** Opening EXERCISE INPUTS block **
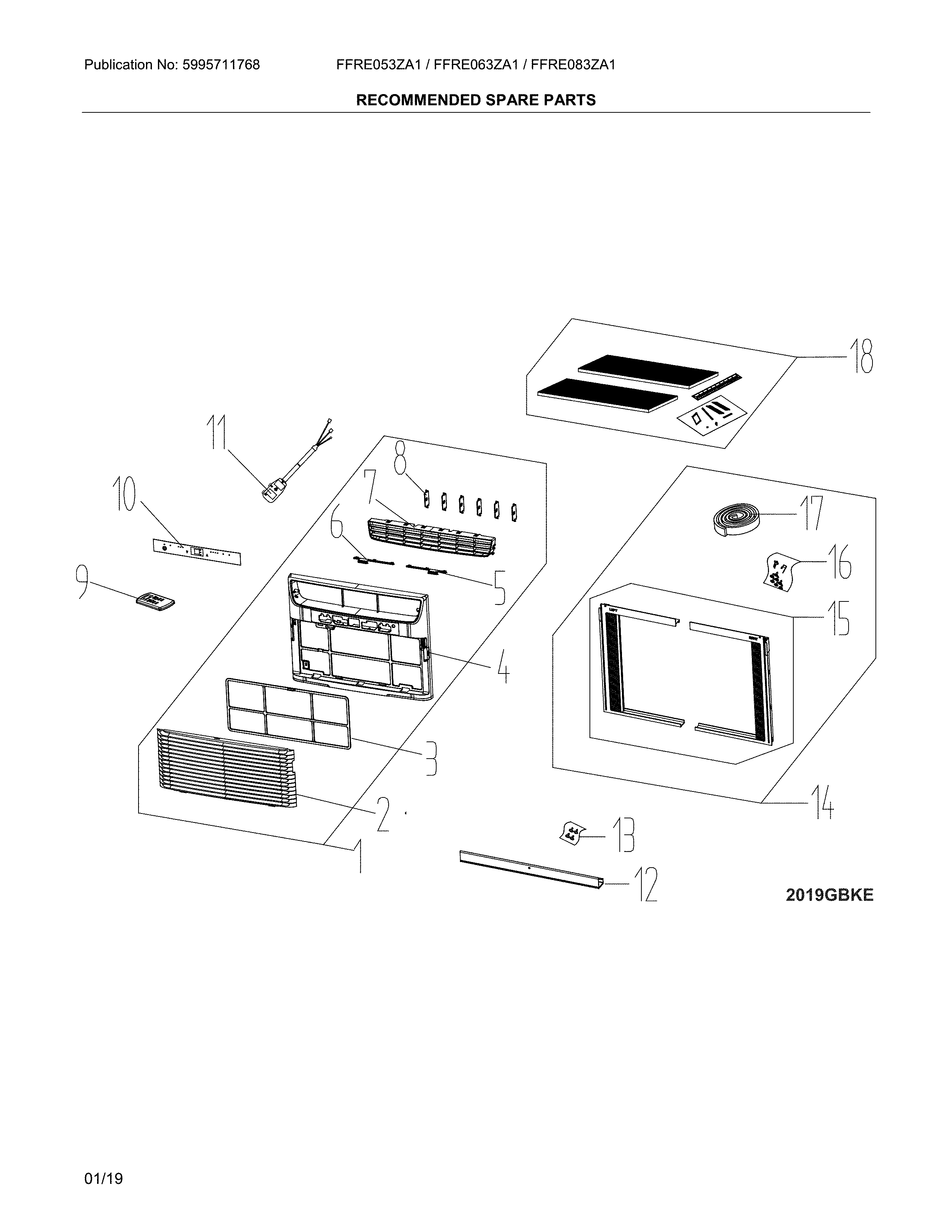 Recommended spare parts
** Closing EXERCISE INPUTS block **
** Opening EXERCISE INPUTS block **
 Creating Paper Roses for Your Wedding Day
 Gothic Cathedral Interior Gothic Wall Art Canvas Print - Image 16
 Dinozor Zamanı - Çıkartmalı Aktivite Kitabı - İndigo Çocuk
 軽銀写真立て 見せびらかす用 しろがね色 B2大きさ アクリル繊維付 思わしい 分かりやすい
** Closing EXERCISE INPUTS block **
WHAT IS REQUIRED: When you reach the line in the material above that holds "Creating Paper Roses for Your Wedding Day", begin reproducing lines exactly, and stop after the line that holds "軽銀写真立て 見せびらかす用 しろがね色".

ANSWER TO THIS PROBLEM:
 Creating Paper Roses for Your Wedding Day
 Gothic Cathedral Interior Gothic Wall Art Canvas Print - Image 16
 Dinozor Zamanı - Çıkartmalı Aktivite Kitabı - İndigo Çocuk
 軽銀写真立て 見せびらかす用 しろがね色 B2大きさ アクリル繊維付 思わしい 分かりやすい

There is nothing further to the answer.